• **Task objective**: Drop the images, then output the listing exactly.

• **Recorded data**:
▬▬▬▬▬▬
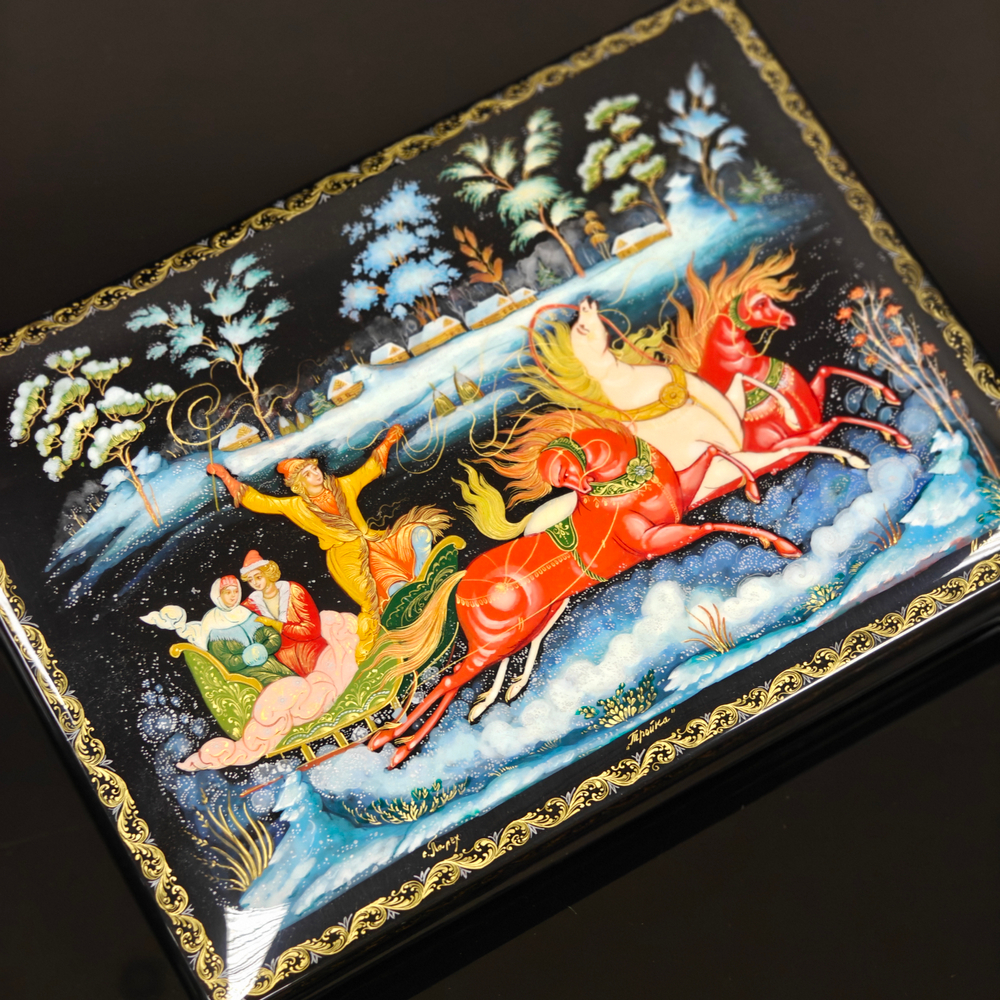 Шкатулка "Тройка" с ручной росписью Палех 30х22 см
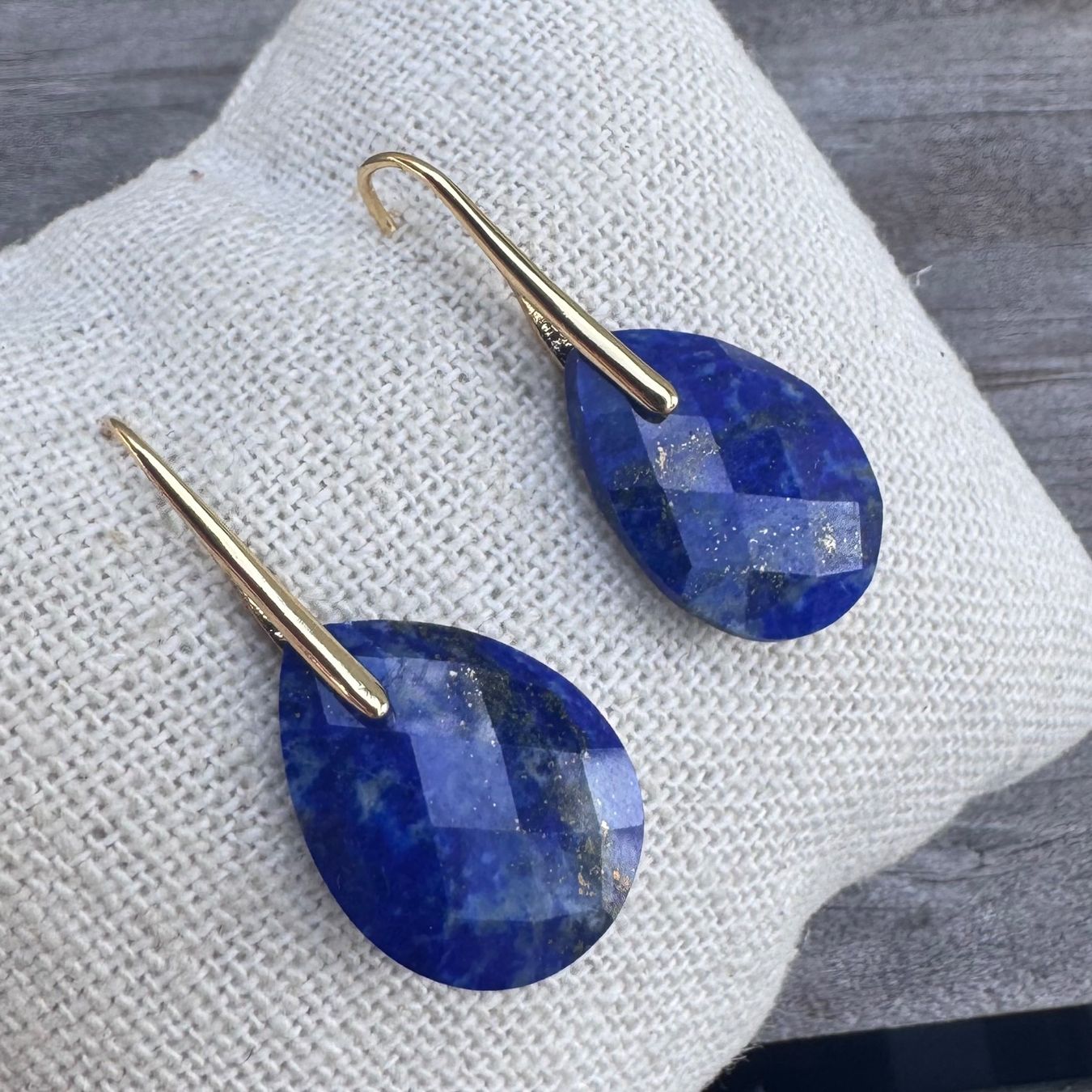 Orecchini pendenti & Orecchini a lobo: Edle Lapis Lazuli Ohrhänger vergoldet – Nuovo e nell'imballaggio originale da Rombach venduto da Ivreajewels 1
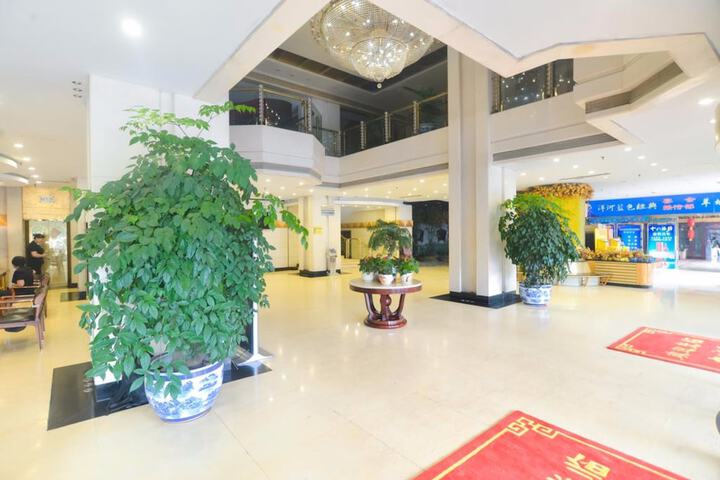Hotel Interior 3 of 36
▬▬▬▬▬▬
• **Output of the task**:
 Шкатулка "Тройка" с ручной росписью Палех 30х22 см
 Orecchini pendenti & Orecchini a lobo: Edle Lapis Lazuli Ohrhänger vergoldet – Nuovo e nell'imballaggio originale da Rombach venduto da Ivreajewels 1
Hotel Interior 3 of 36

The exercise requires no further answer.